INSTRUCTIONS TO FOLLOW
Output every line of the material exactly, omitting images.

INFORMATION PROVIDED

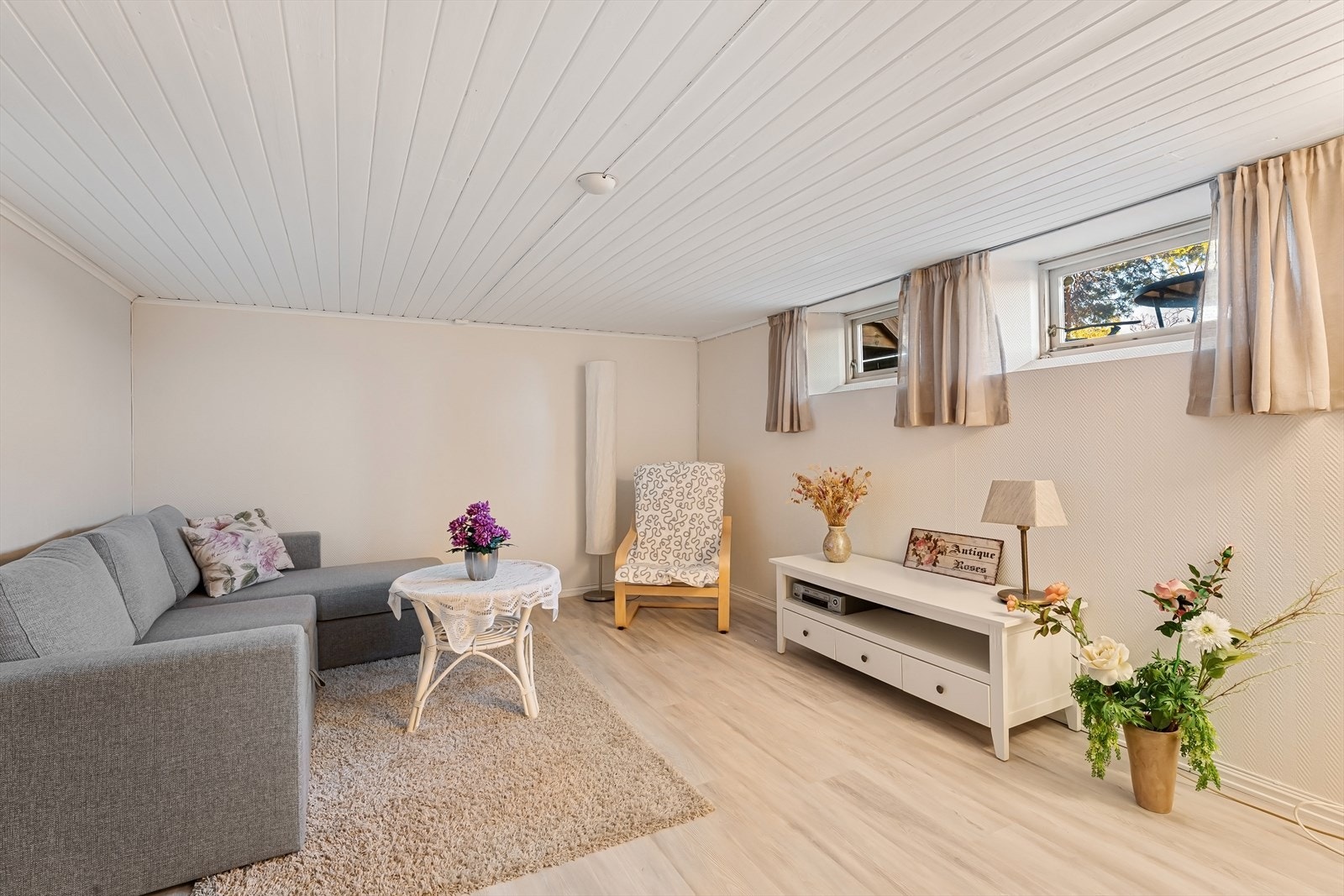 Kjellerstue. Galleribilde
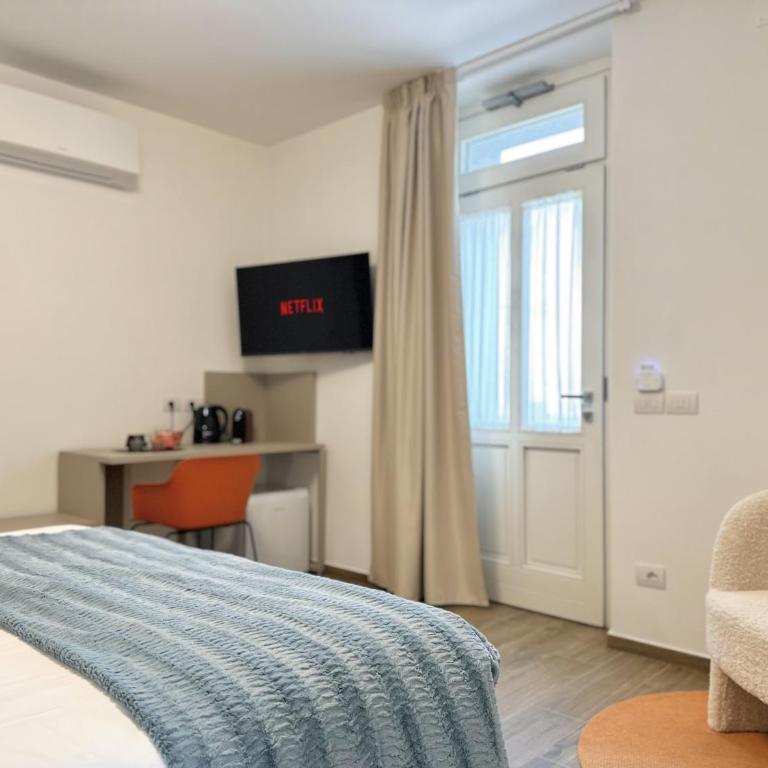 Trotto e Galoppo Rooms - Deluxe King Room - 4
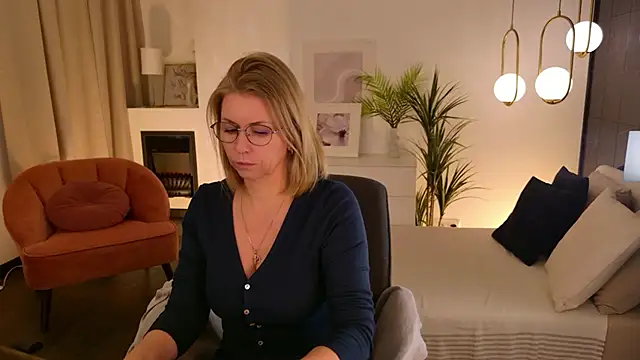 Snapshot of Annie_Light chatting on 02-07-26, 12:31 Annie Light online show from 02-07-26, 12:31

ANSWER TO THIS EXERCISE
 Kjellerstue. Galleribilde
 Trotto e Galoppo Rooms - Deluxe King Room - 4
 Snapshot of Annie_Light chatting on 02-07-26, 12:31 Annie Light online show from 02-07-26, 12:31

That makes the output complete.